*** Block opens ***

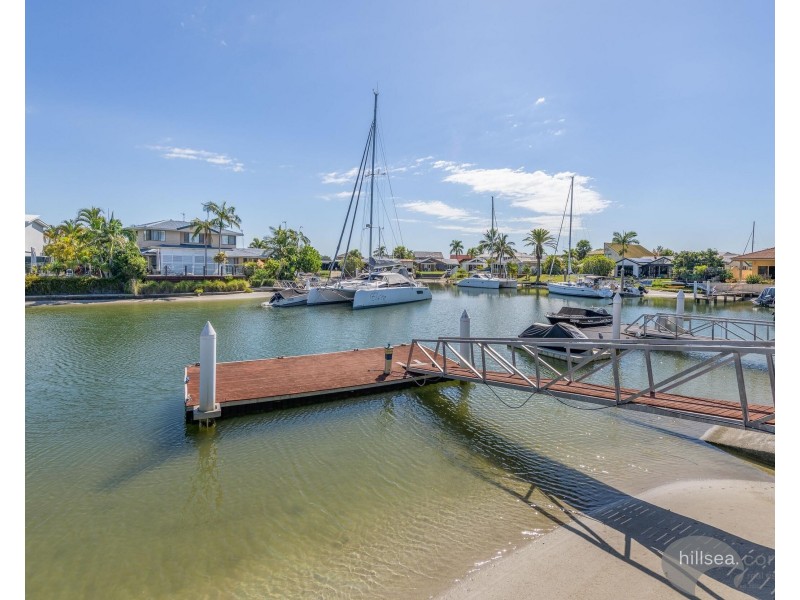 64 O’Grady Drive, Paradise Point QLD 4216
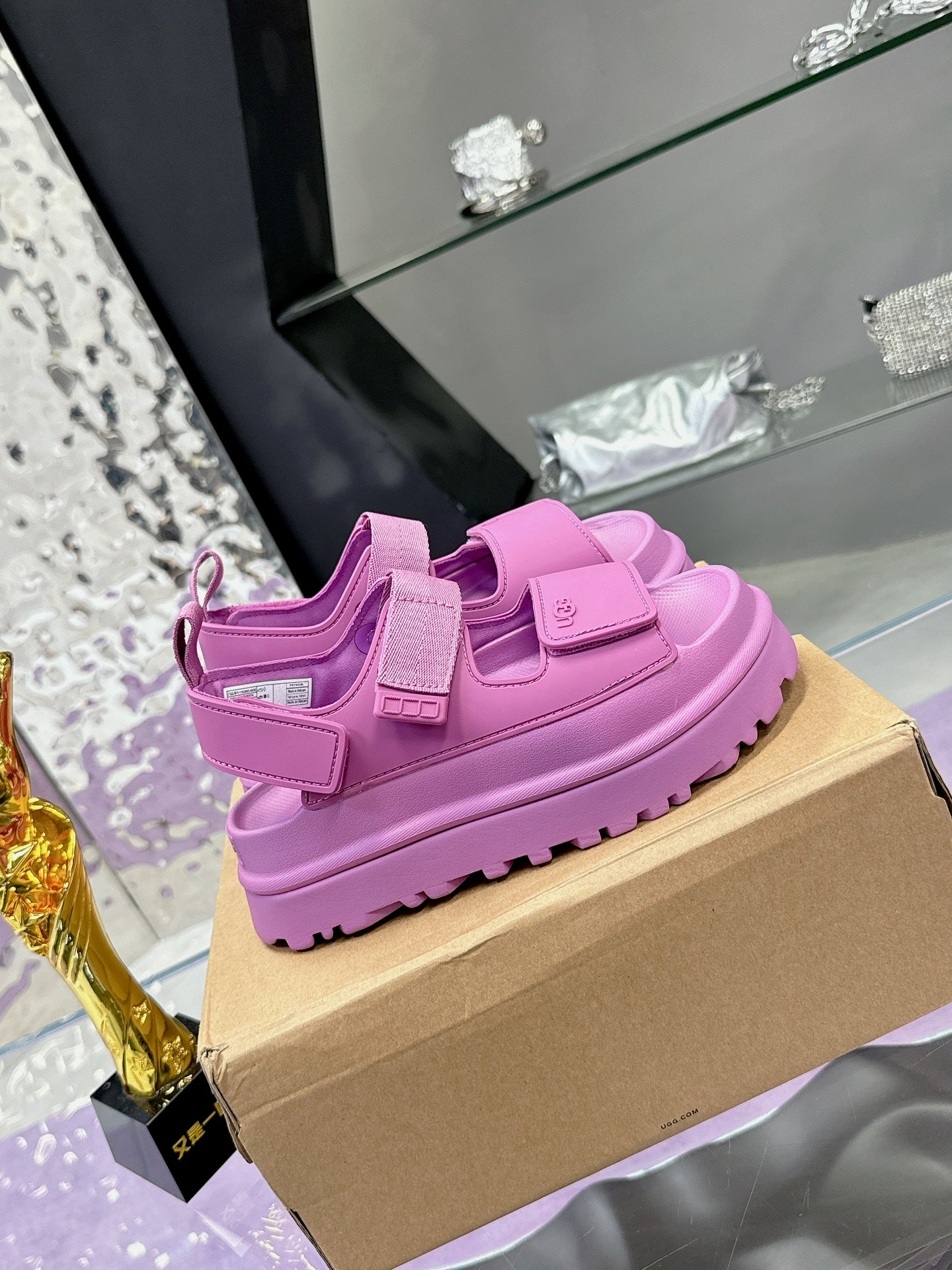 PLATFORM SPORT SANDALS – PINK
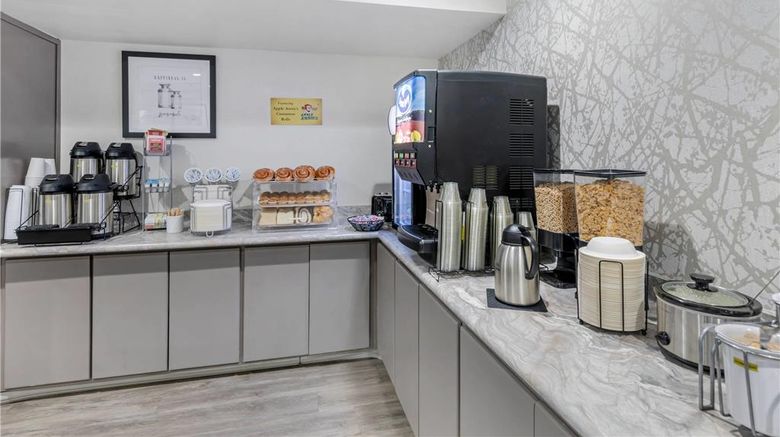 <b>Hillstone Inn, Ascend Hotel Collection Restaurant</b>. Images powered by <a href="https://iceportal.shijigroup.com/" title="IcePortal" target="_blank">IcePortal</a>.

*** Block closes ***
*** Block opens ***

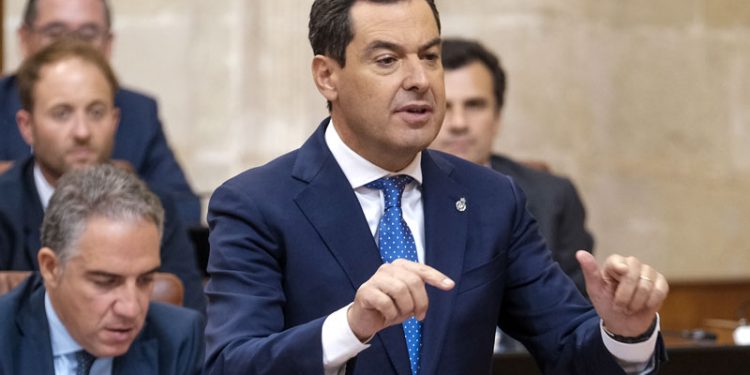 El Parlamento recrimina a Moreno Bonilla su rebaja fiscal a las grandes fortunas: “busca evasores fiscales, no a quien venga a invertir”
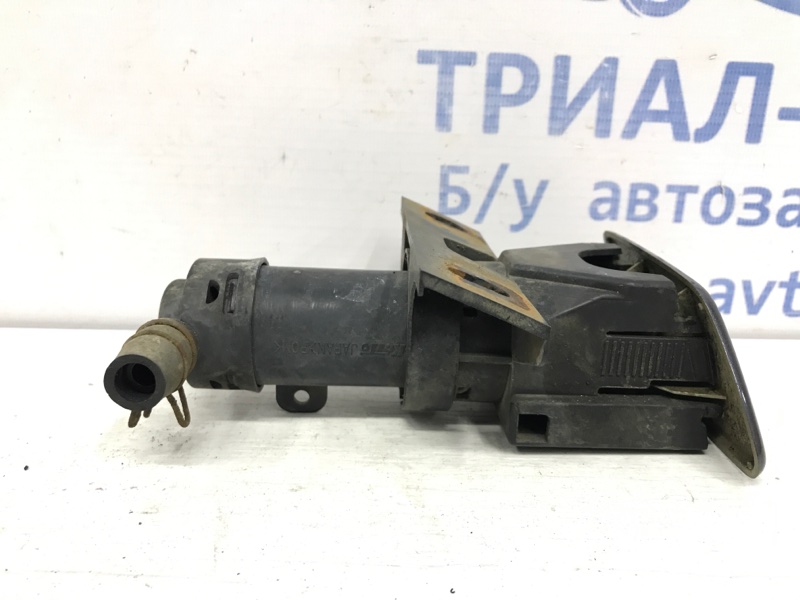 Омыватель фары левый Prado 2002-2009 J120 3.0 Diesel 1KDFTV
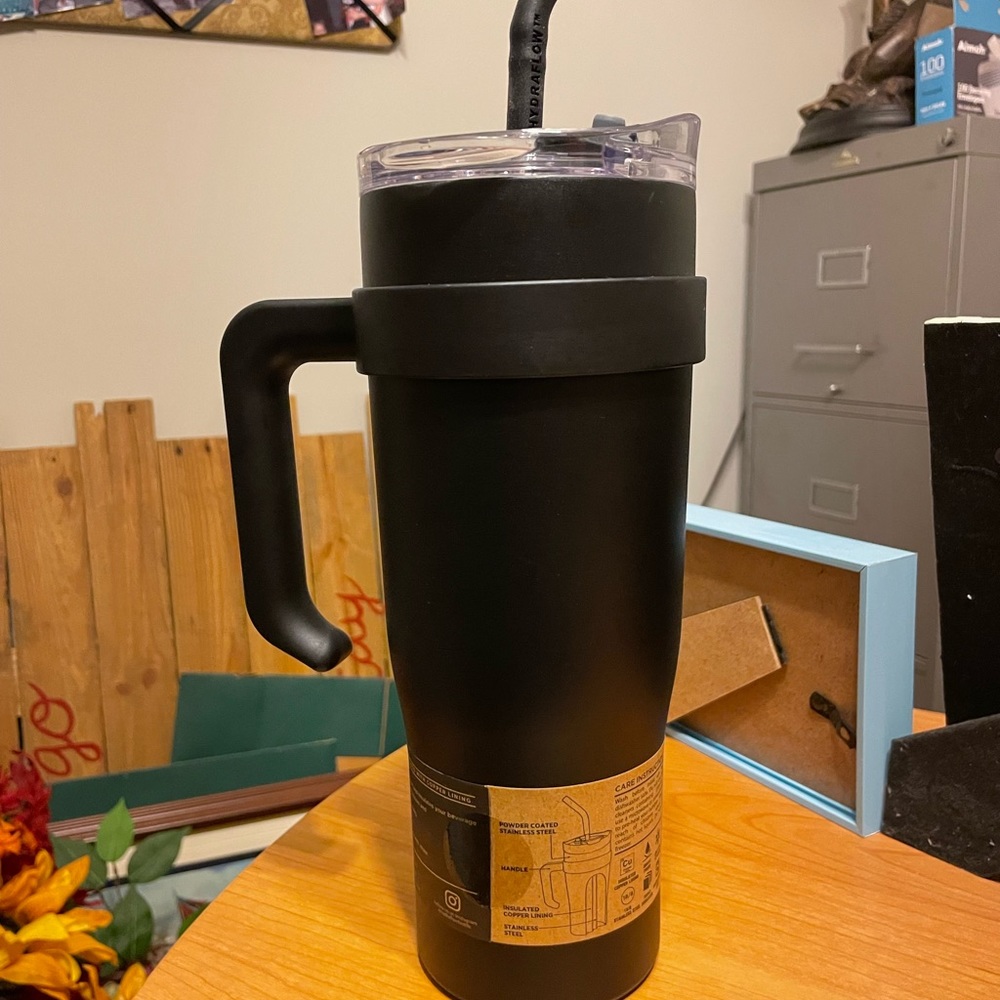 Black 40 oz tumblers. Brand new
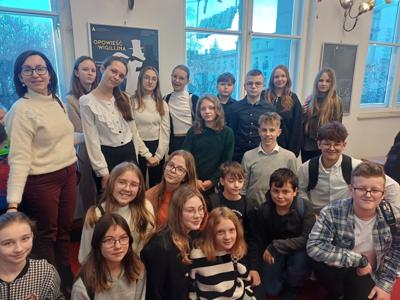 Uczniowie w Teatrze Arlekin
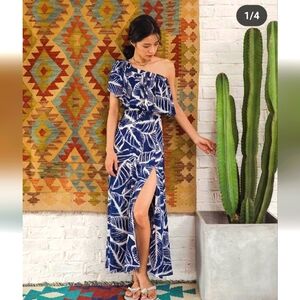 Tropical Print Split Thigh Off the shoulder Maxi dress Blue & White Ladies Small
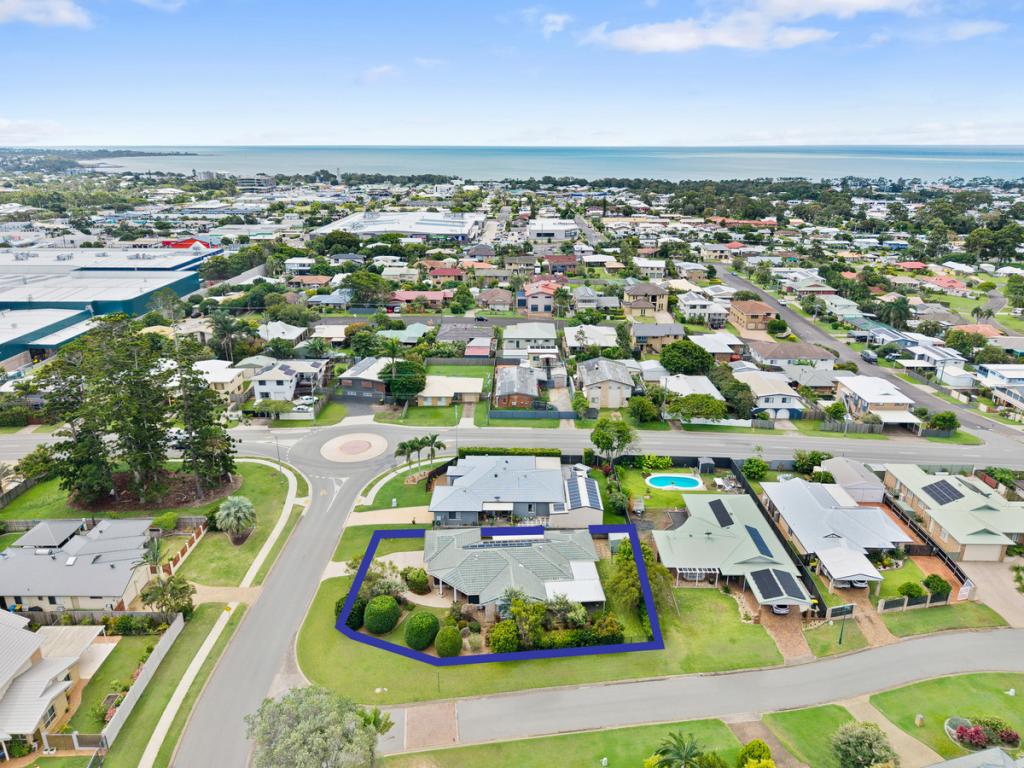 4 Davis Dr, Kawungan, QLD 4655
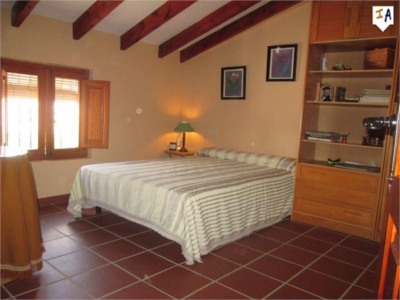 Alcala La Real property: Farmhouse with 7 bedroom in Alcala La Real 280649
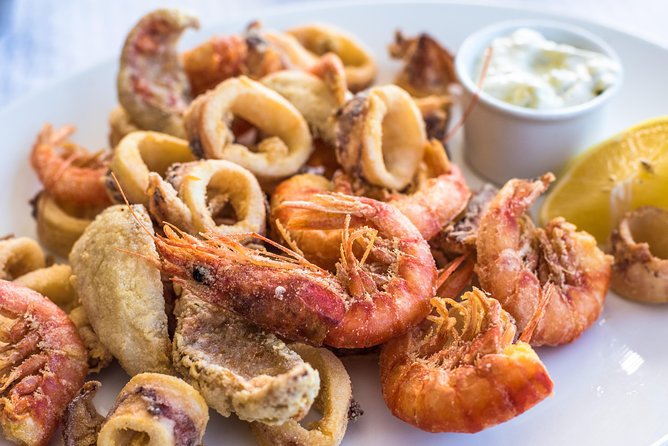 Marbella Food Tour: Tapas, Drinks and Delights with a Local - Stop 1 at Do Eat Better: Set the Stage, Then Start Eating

*** Block closes ***

▶ **WORK ORDER**
Above are the records; restate exactly the lines from the one containing "64 O’Grady Drive, Paradise Point QLD 4216" through the one containing "<b>Hillstone Inn, Ascend", keeping pictures out.

▶ **EXERCISE RESULT**
 64 O’Grady Drive, Paradise Point QLD 4216
 PLATFORM SPORT SANDALS – PINK
 <b>Hillstone Inn, Ascend Hotel Collection Restaurant</b>. Images powered by <a href="https://iceportal.shijigroup.com/" title="IcePortal" target="_blank">IcePortal</a>.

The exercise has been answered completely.